--- START ---
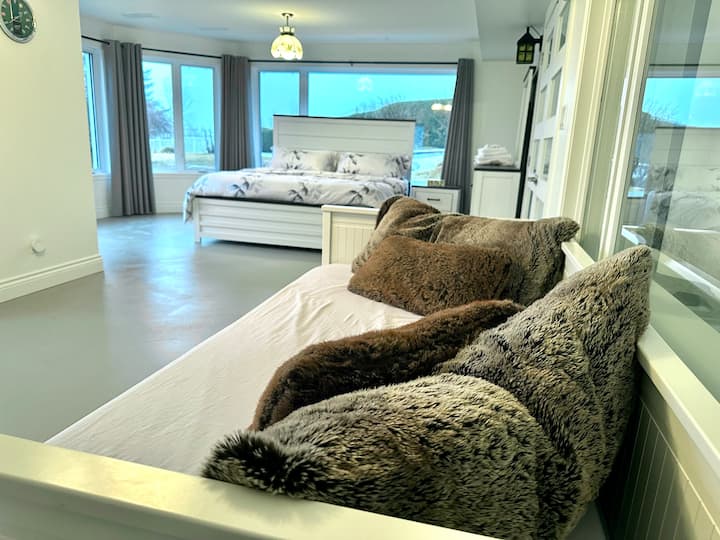 Sofá cama en el dormitorio principal en el piso del jardín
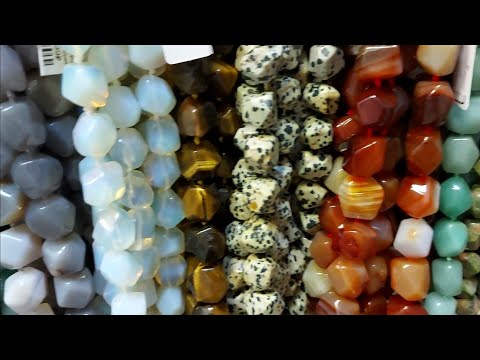 Видео: Бусы из натуральных камней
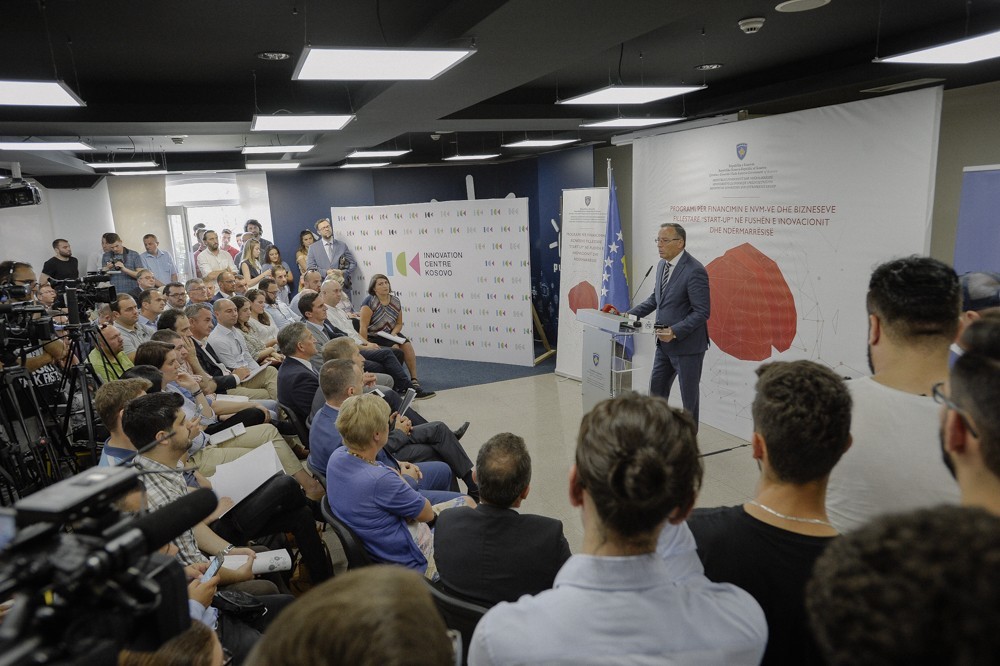 Lansohet programi financiar për Inovacion dhe Ndërmarrësi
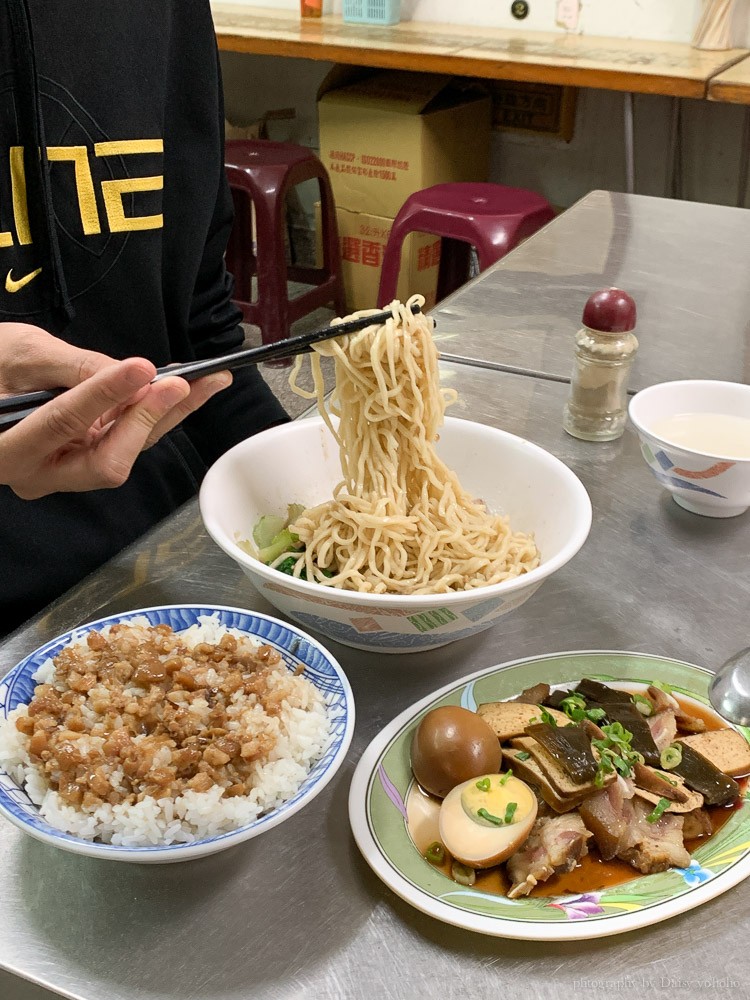 牛伯麵店, 成大美食, 育樂街美食, 台南東區美食, 台南麵店, 成大麵店, 成大麻醬麵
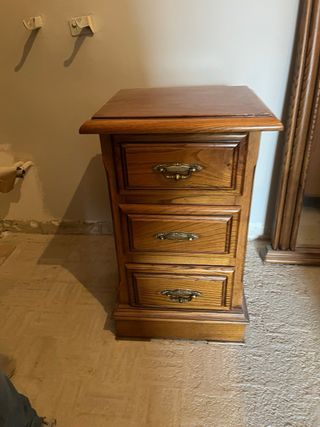 Cómoda, Sinfonier, Mesitas y Espejo Madera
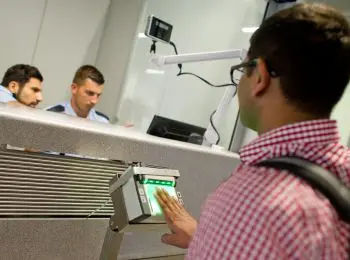 депутат госдумы отказался от своих слов о введении выездной визы - Сайт Газеты «Совершенно Секретно»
--- END ---
• Work task
Given the entries above, transcribe exactly the lines from the one holding "Видео: Бусы из натуральных камней" through the one holding "Cómoda, Sinfonier, Mesitas y Espejo Madera"; pictures do not belong in the transcription.

• Output of the task
 Видео: Бусы из натуральных камней
 Lansohet programi financiar për Inovacion dhe Ndërmarrësi
 牛伯麵店, 成大美食, 育樂街美食, 台南東區美食, 台南麵店, 成大麵店, 成大麻醬麵
 Cómoda, Sinfonier, Mesitas y Espejo Madera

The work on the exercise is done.